::: Provided records :::

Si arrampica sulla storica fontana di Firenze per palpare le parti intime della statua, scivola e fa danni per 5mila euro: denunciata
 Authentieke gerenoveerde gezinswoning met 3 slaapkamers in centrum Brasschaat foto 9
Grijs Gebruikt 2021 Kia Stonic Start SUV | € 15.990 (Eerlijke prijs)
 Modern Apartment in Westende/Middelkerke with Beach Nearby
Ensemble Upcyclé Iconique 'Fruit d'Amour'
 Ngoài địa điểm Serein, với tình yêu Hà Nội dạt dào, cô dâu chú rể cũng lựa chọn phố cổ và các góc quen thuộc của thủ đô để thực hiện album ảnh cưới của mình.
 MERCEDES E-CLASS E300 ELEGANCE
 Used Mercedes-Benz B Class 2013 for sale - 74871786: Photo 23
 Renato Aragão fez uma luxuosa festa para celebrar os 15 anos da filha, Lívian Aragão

:::

- **Assignment**: Output only the lines from the one that contains "Authentieke gerenoveerde gezinswoning" through the last line of the data above, each restated exactly.

- **The completed task**:
 Authentieke gerenoveerde gezinswoning met 3 slaapkamers in centrum Brasschaat foto 9
Grijs Gebruikt 2021 Kia Stonic Start SUV | € 15.990 (Eerlijke prijs)
 Modern Apartment in Westende/Middelkerke with Beach Nearby
Ensemble Upcyclé Iconique 'Fruit d'Amour'
 Ngoài địa điểm Serein, với tình yêu Hà Nội dạt dào, cô dâu chú rể cũng lựa chọn phố cổ và các góc quen thuộc của thủ đô để thực hiện album ảnh cưới của mình.
 MERCEDES E-CLASS E300 ELEGANCE
 Used Mercedes-Benz B Class 2013 for sale - 74871786: Photo 23
 Renato Aragão fez uma luxuosa festa para celebrar os 15 anos da filha, Lívian Aragão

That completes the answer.